Oh, how my heart aches and my soul mourns with the believing Christians at Colonial Hills Baptist Church. And oh, how my spirit rejoices in their faith.

This scripture passage above titled “Praise to the God of All Comfort” is the apostle Paul encouraging the early church at Corinth from the standpoint of someone – himself – who constantly suffers yet steadfastly preaches the comfort and peace of Jesus Christ.

Paul knows belief in Christ isn’t about pain avoidance; it is about pain endurance. In so many words Paul is saying the righteous will cling closely to God, praise Christ for salvation, rely on the truth of the Holy Spirit, share with each other in both suffering and joy, and especially within the Body of Christ – the church – love their believing brethren.

And they will pray, realizing that prayer doesn’t fix a fallen world; prayer fixes a believer’s eyes on Christ.
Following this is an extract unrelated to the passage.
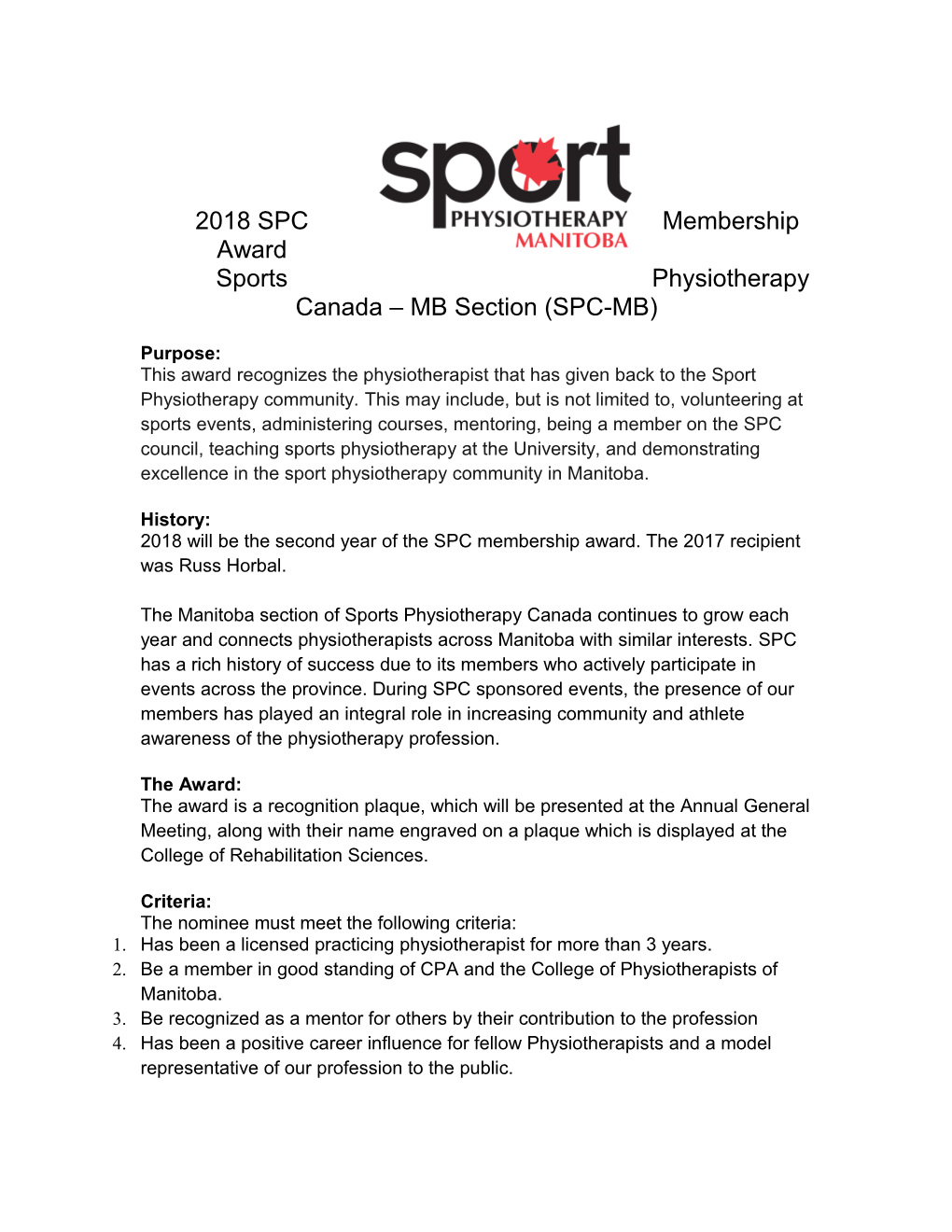 Sports Physiotherapy Canada MB Section (SPC-MB)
The main miracle of Christianity is the eternal, loving, glorifying relationship with God we can have through Christ. Whatever else happens on this earth – good or bad or horrific – it is less important than our trust in God’s promise.

The commandments of Jesus are to love God and love others, and part of loving others is in sharing the love of God through witnessing – telling and showing others about Jesus Christ. Even those who live entirely apart from God, Christ, the Holy Spirit, church and the Bible, are often nonetheless quick to thank God for a comfort or condemn God for hardship. Those near a tragic situation but far from God watch closely the reaction of believers.

The telling and teachable points of life’s trials, be they trivial, troublesome or tragic, is in whether – and how – we blame, claim, or explain God’s presence amid the fallen world’s unavoidable turmoil. An aching heart that is full of Christ will survive.

We see in our world an incredible array of God’s saving, divine beauty and

Satan’s destructive, soul-killing wickedness. For the Colonial Hills believers the trials of their suffering will be constant for a season, but their comfort and peace in Christ will last an eternity.

May our prayers strengthen them as their witness strengthens us.